## ACTIVITY
Transcribe exactly the lines from the first line of the records through the line containing "2446 Westgate Avenue", and leave out every picture.

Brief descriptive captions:

=-=-=

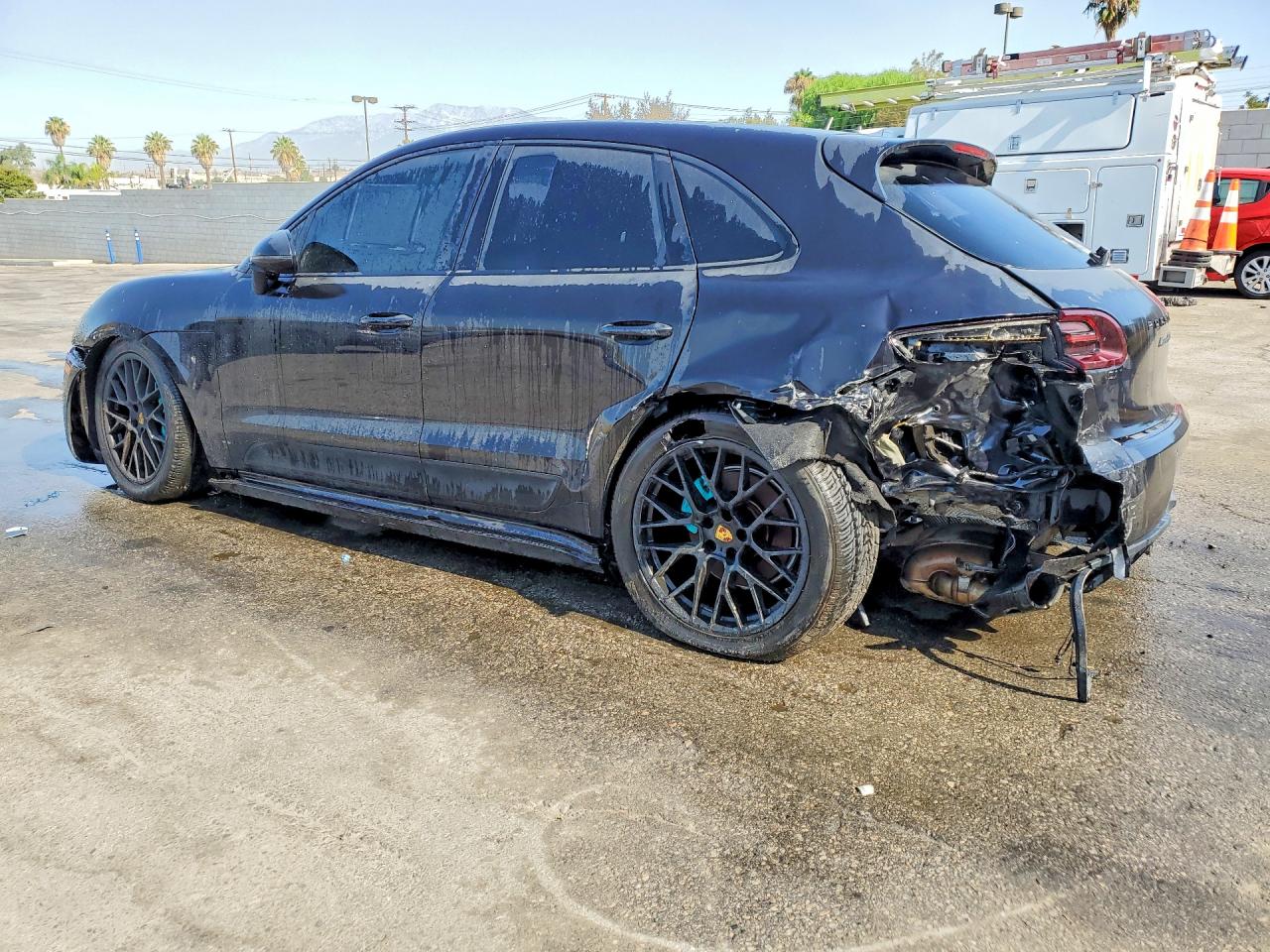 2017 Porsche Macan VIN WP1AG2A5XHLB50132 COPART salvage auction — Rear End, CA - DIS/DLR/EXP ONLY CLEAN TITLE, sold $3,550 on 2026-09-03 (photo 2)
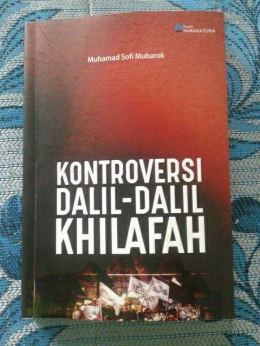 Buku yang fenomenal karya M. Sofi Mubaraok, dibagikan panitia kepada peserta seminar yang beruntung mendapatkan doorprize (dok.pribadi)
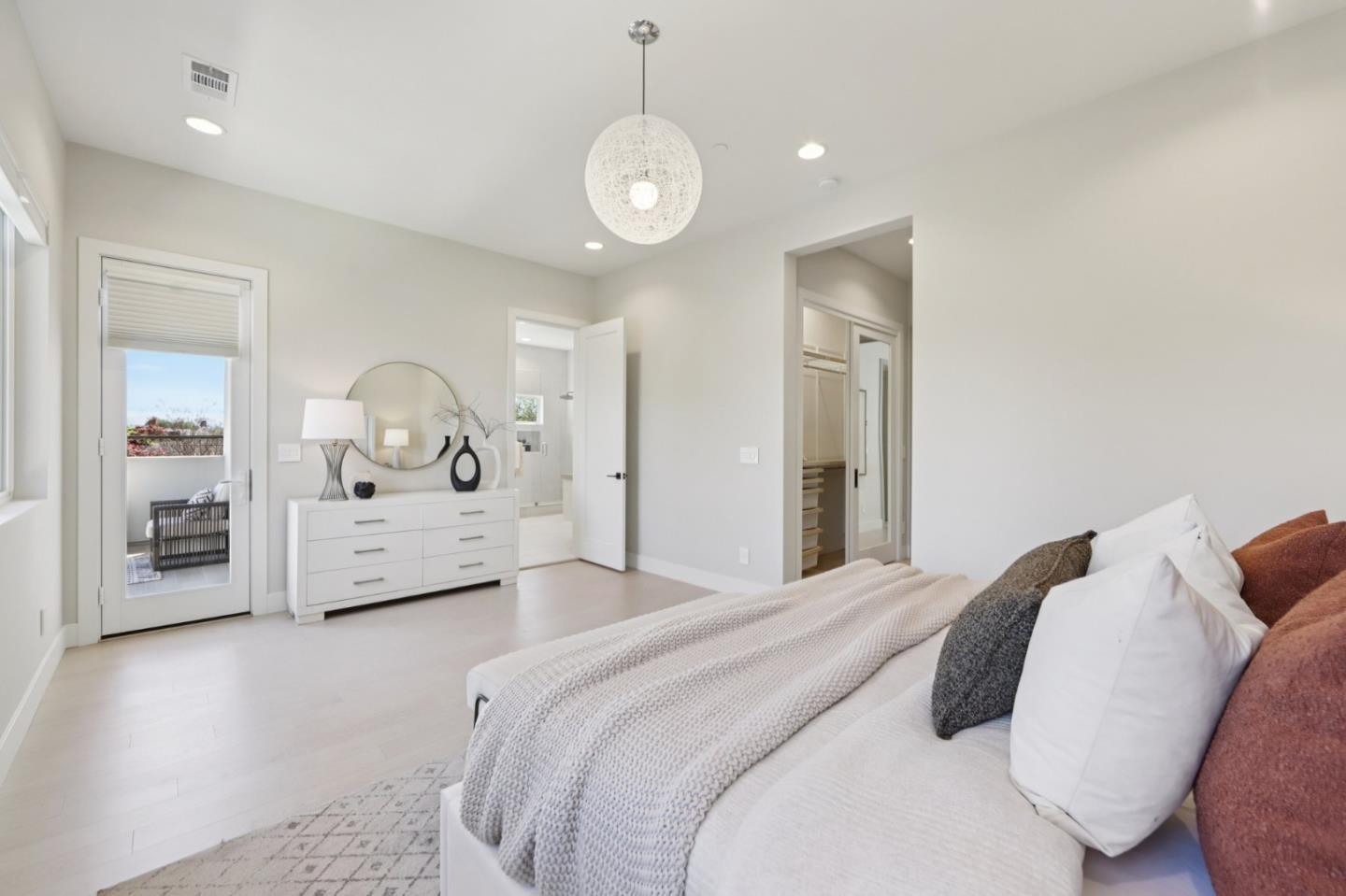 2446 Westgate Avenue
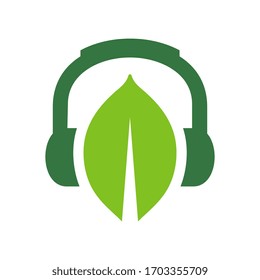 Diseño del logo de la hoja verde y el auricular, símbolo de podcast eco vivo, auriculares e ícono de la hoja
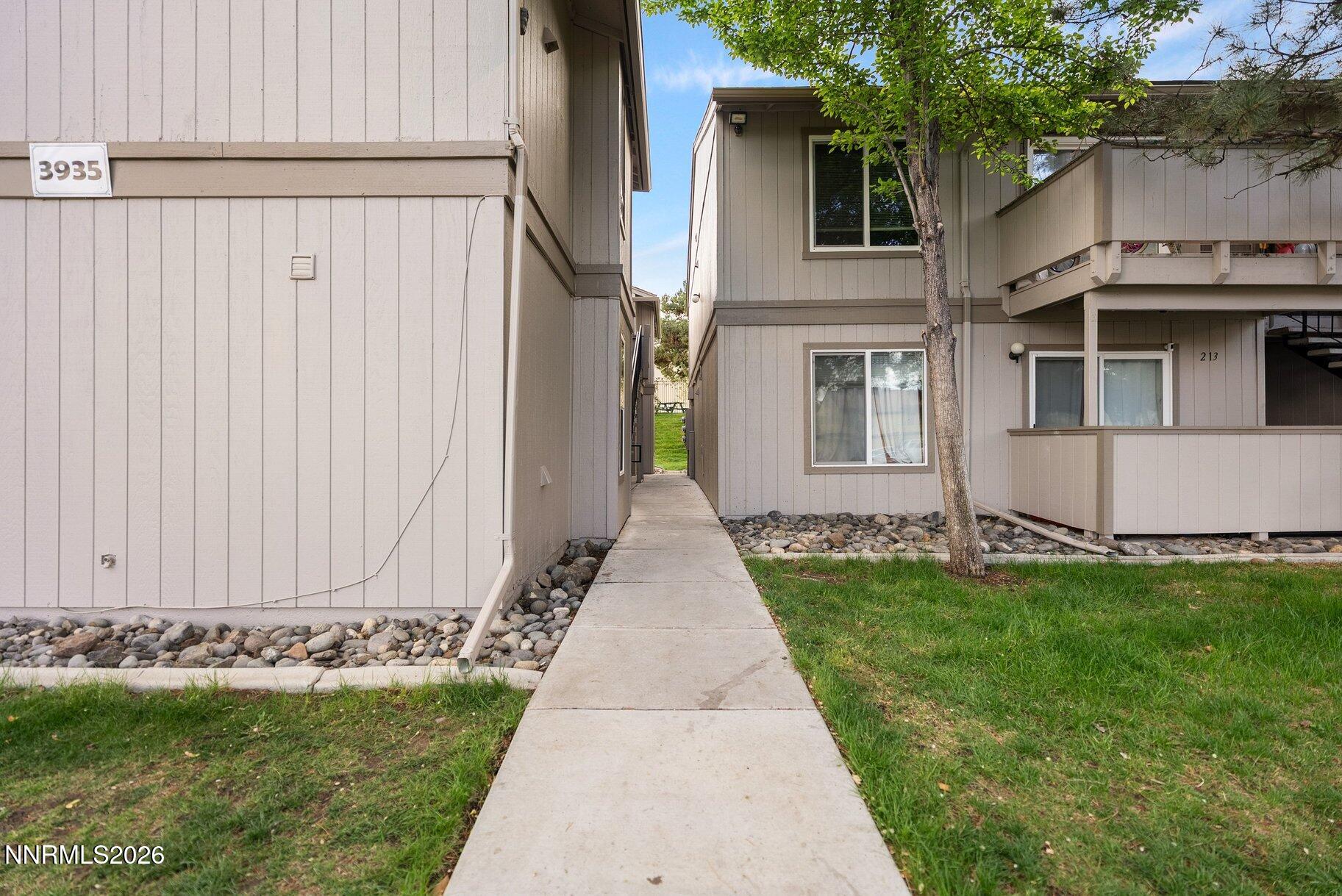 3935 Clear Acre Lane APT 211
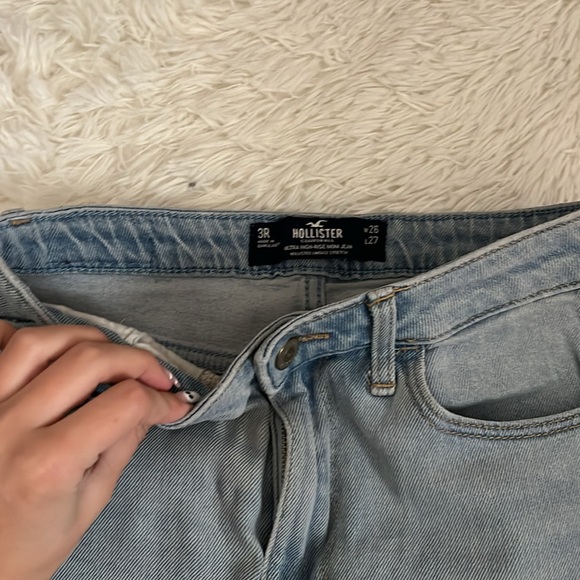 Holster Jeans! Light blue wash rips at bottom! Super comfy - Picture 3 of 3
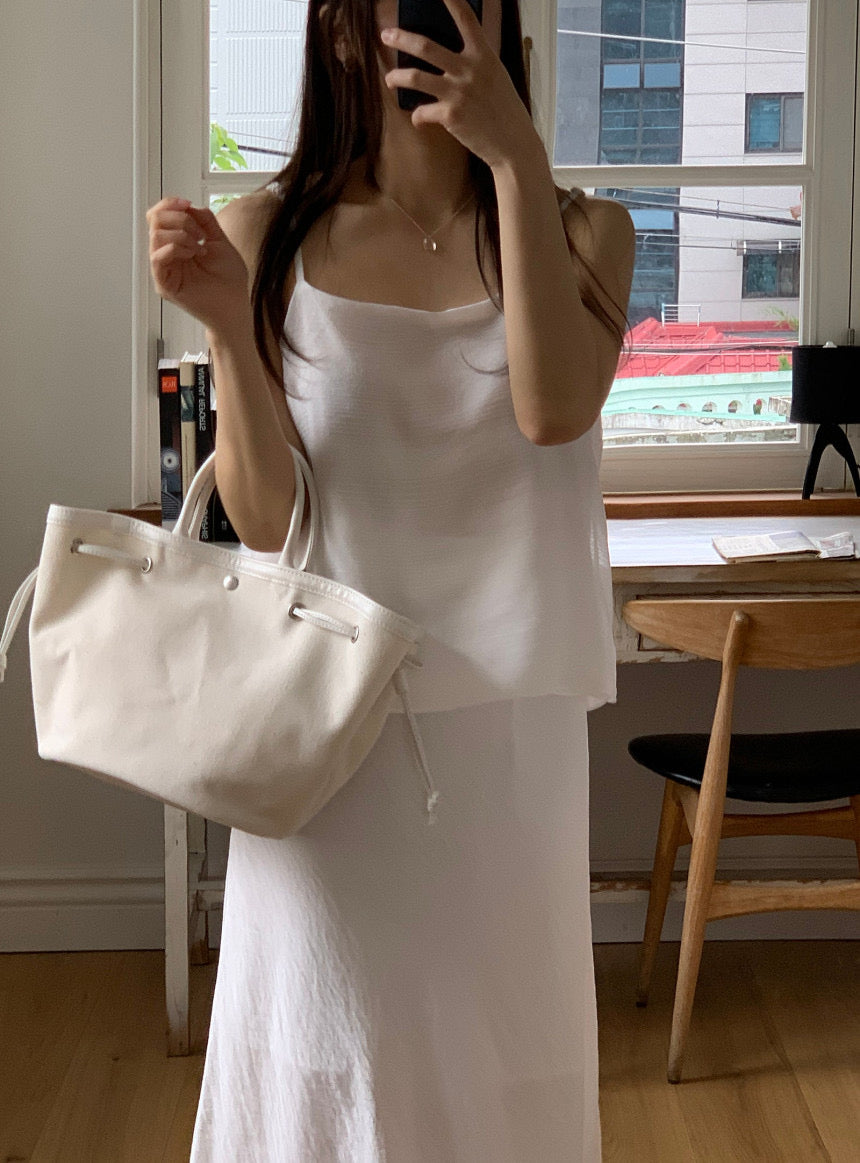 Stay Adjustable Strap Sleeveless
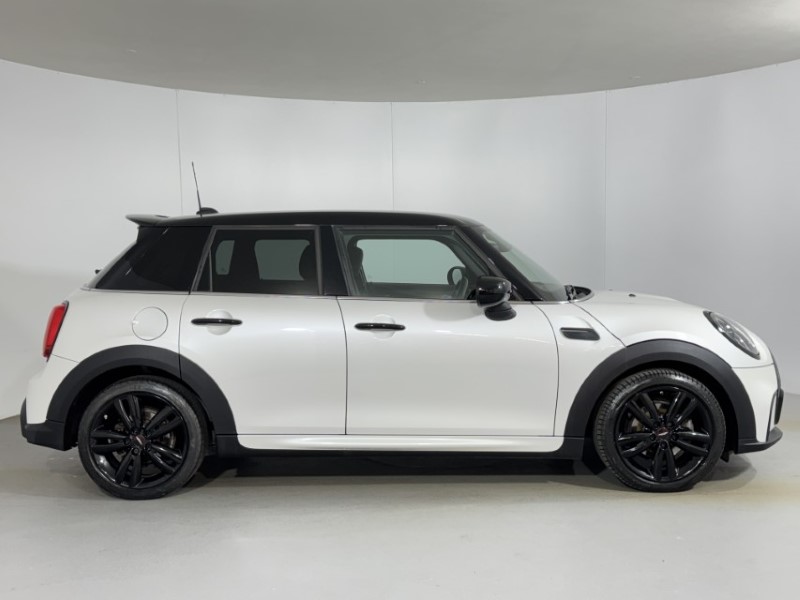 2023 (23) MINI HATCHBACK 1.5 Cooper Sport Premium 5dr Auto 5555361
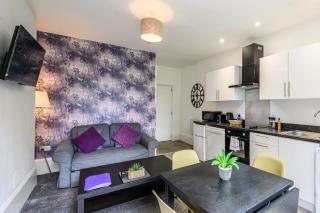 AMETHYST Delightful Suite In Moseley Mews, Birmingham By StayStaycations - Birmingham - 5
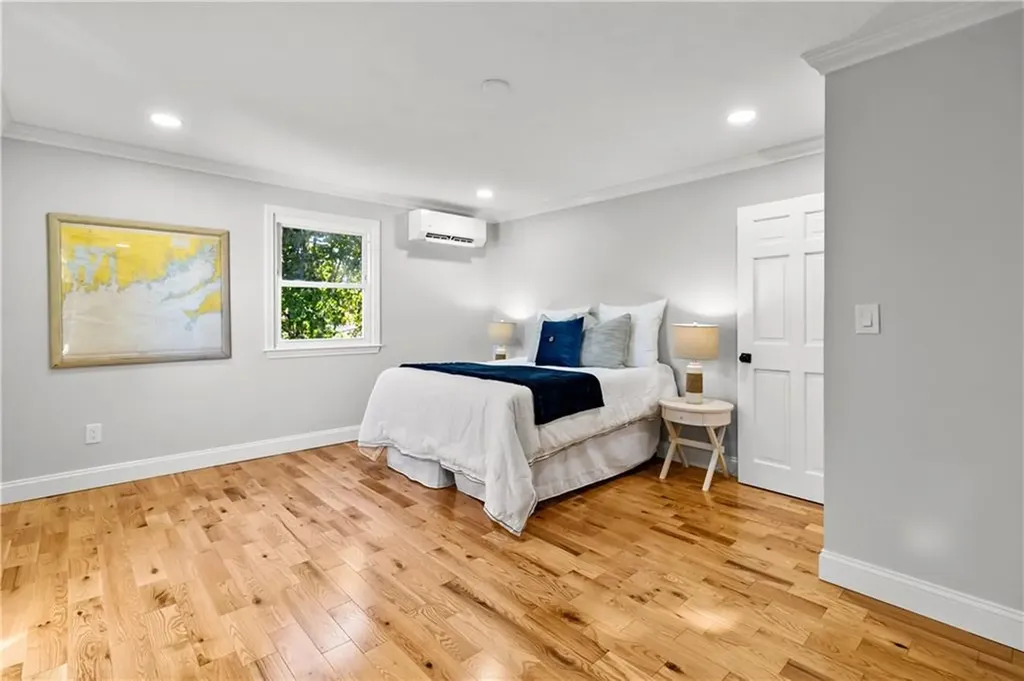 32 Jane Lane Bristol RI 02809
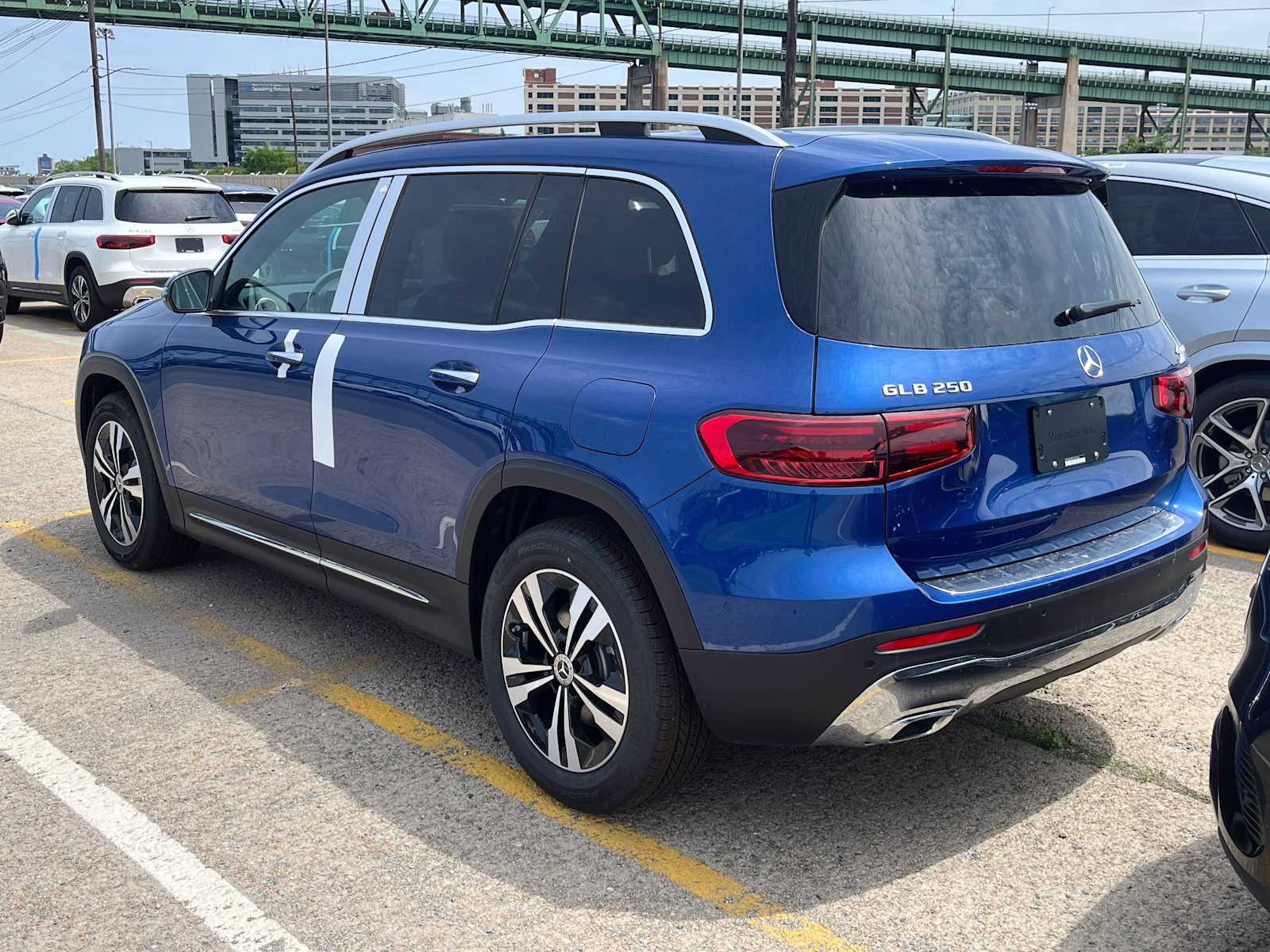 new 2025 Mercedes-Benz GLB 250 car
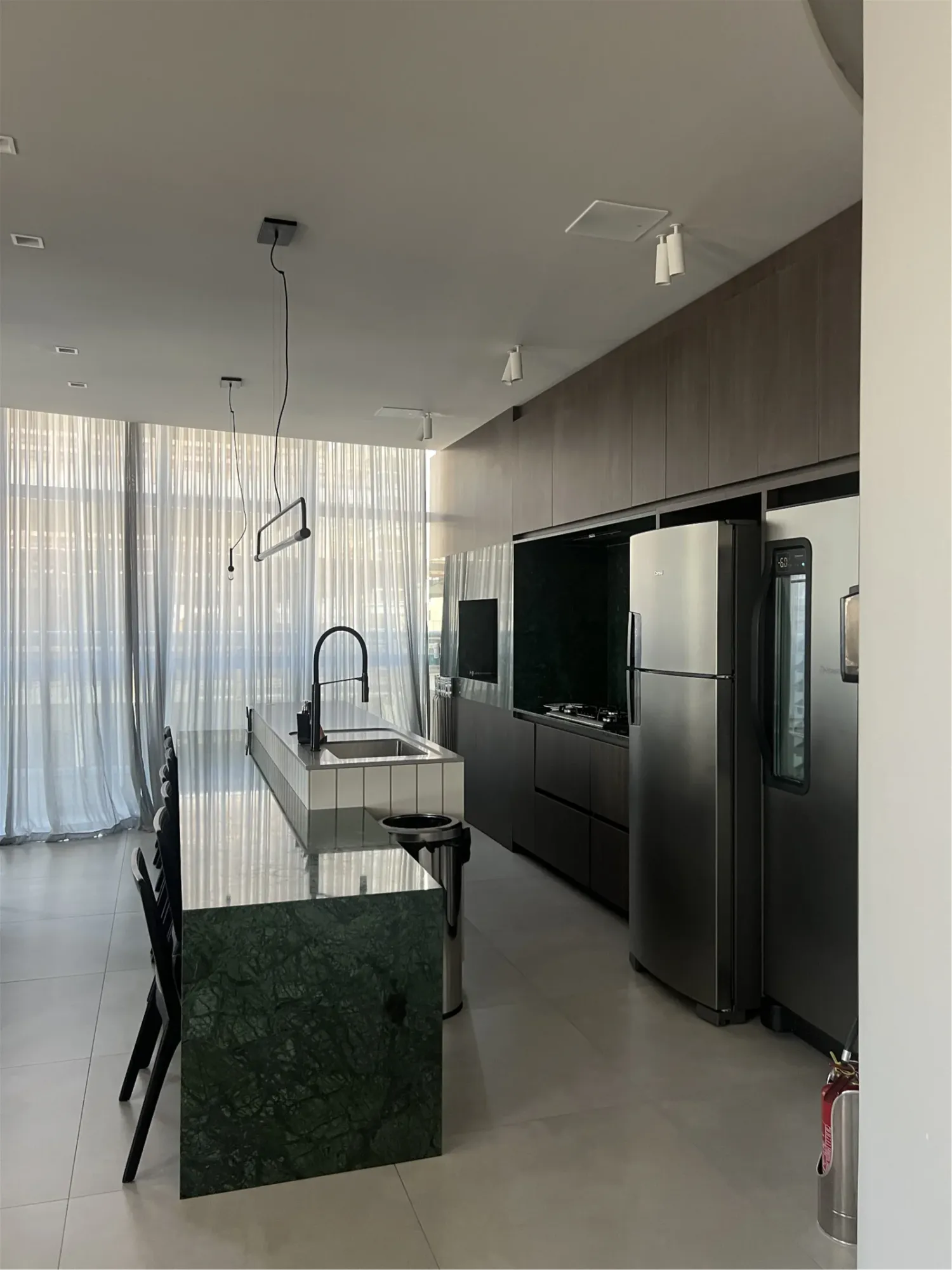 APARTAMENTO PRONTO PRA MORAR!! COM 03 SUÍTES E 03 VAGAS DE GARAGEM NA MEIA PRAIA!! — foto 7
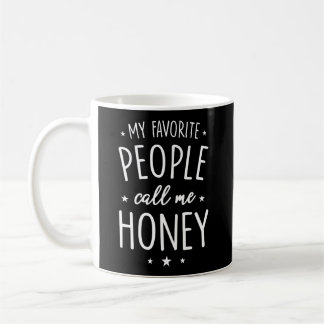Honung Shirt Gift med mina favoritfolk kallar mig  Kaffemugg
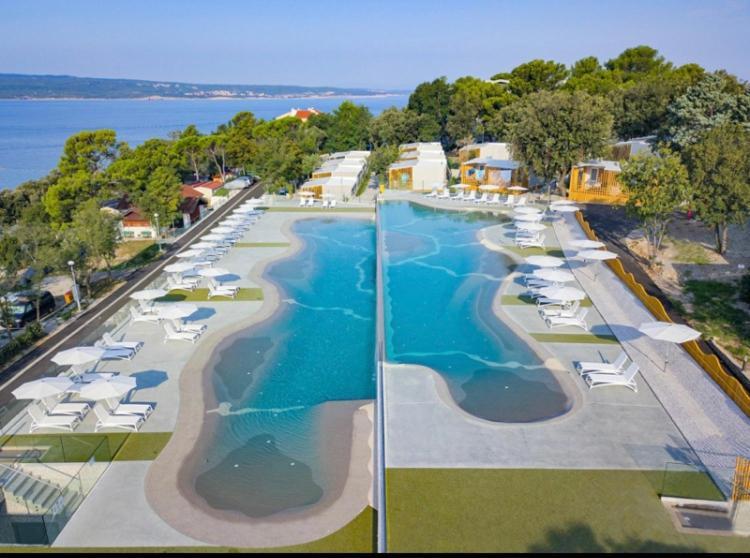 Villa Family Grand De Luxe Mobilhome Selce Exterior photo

=-=-=

## SOLUTION TO THE EXERCISE
 2017 Porsche Macan VIN WP1AG2A5XHLB50132 COPART salvage auction — Rear End, CA - DIS/DLR/EXP ONLY CLEAN TITLE, sold $3,550 on 2026-09-03 (photo 2)
 Buku yang fenomenal karya M. Sofi Mubaraok, dibagikan panitia kepada peserta seminar yang beruntung mendapatkan doorprize (dok.pribadi)
 2446 Westgate Avenue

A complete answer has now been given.